Tarde o temprano en este nuevo siglo y también nuevo milenio (si nos atenemos a cuentas cristianas), la
poesía arrasará sus imposturas y acabará con las fatigadas jerigonzas del siglo XX: se burlará de las
falsas otredades, de las hipócritas disidencias, de los innecesarios hermetismos. Sin abandonar su
indispensable femineidad, volverá a ser viril; dejará los amaneramientos de muchos de sus renombrados
ejecutores.
Sin dejar de ser universal, recobrará su frescura aldeana; esa frescura que los llamados poetas le han
quitado de tanto adentrarse en tantas pretensiones supuestamente trascendentales.
Si no llega a ser canto para todos, tampoco será susurro de engreídos, de quienes creen tener la llave
de todas las puertas.
A fuerza de desengaños y caídas recobrará la irreverencia y la mordacidad que le dio Villon; la
sacralidad que le otorgaron Dante, Keats, Wordsworth, Coleridge y Hölderlin; la rebeldía de Rimbaud,
procurará las ambiciosas comuniones que cantó Whitman, la desazón de Jorge Guillén, la modesta ironía
de Antonio Machado, el dolor inexpresado de Vallejo y, sobre todo, recibirá el aliento de quienes por
hurgar en todos los tiempos le cambien el rostro o, mejor dicho, le den un rostro, porque últimamente suele
llevar máscara.
Más que ninguna otra época, la nuestra necesita que se le arranque el sueño a golpes de martillo, y
eso sólo podrá cumplirlo la poesía. Necesita más que palabras, más que premios, más que pellizcos a
las apariencias. La poesía reventará seguridades, explotará comodidades, desmembrará cadáveres, le
quitará aire al que le falte aire y tierra al que le falte tierra, sin ser beligerante ni valerse de la
violencia. La verdadera crisis (que no es la de las columnas de números ni la de los más diversos
gráficos) se extremará, porque nada muere sin evitar la agonía donde se luce la muerte danzando.
De tanta virtualidad y realidades superpuestas ya somos sordos, ciegos, mudos y nuestra piel es como un
cuero al sol. Llevamos y repartimos palabras; pero rara vez damos a luz alguna como el sol al despuntar o
ponerse, o como el disparo acertado de un arquero.
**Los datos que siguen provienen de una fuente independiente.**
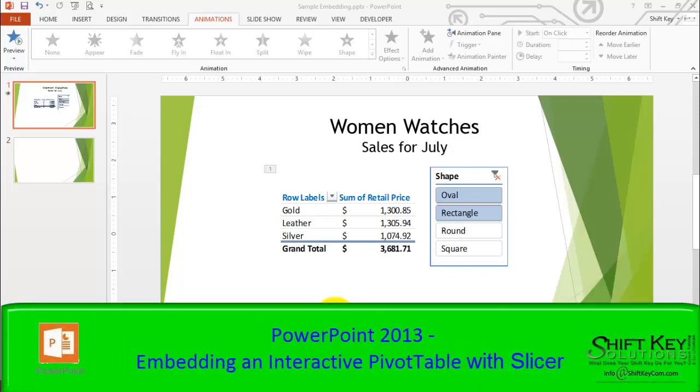PowerPoint 2013, embedding an interactive pivot table with slicer into a PowerPoint presentation.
La poesía ha perdido pasión, cierta rabia y cierta inocencia que nuestros ojos han cambiado por
palabras y consignas aturdidoras. Saldrá la poesía a quitarnos las lagañas de civilización ruidosa. De
alguna manera ya ha comenzado a decirnos que los ídolos nos han dejado sin dioses y la banalidad ha
terminado por tragarse lo sagrado.
Antes de declinar y conjugar todas nuestras sinrazones, la poesía volverá a ser invitada a la mesa
donde se celebra la existencia y porque en alguna esquina comenzará la procesión.